A determinant is an essential property of a square matrix, symbolically represented as det(A), providing critical information about the matrix. It is a scalar value that can be computed from the elements of the matrix and has numerous applications in linear algebra, including determining whether a system of linear equations has a unique solution, several solutions, or none at all.

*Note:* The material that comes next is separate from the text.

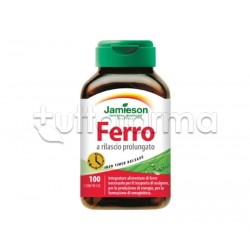 Confezione con Jamieson Ferro Integratore Energizzante 100 Compresse Confezione con Jamieson Ferro Integratore Energizzante 100 Compresse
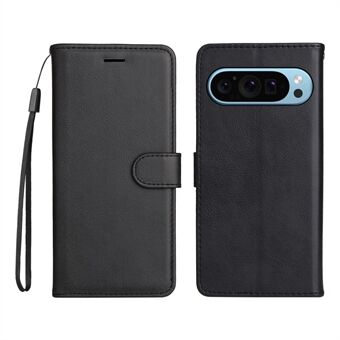 KT Leather Series-2 for Google Pixel 9 / Pixel 9 Pro Case Stand Wrist Strap Solid Color Phone Cover 
KT Leather Series-2 for Google Pixel 9 / Pixel 9 Pro Etui med stativ, håndleddsrem og ensfarget telefondeksel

The determinant also plays a key role while dealing with eigenvalues and eigenvectors. When you solve a characteristic equation to find the eigenvalues of a matrix, you are essentially interested in the values that render the determinant of A - \(\lambda\)I to be zero. Why zero? Because non-zero determinants would indicate that the matrix, when acted upon by an eigenvector, could be inverted, something not possible for true eigenvectors which exist in a space where the matrix transformation is, for lack of a better term, 'lossy', or non-invertible.

Practical Implication

In the exercise, we go through the process of finding the determinant of the matrix A - \(\lambda\)I at several stages. This process underlines the matrix's behavior depending on different scalar multiples (the eigenvalues). If the determinant were not zero for some \(\lambda\), the equation would not hold, and \(\lambda\) would not be an eigenvalue. Thus, matrix determinants are not just a mere computational step; they represent a deep mathematical concept that is linked with the system's dimensionality and the properties of transformations depicted by matrices.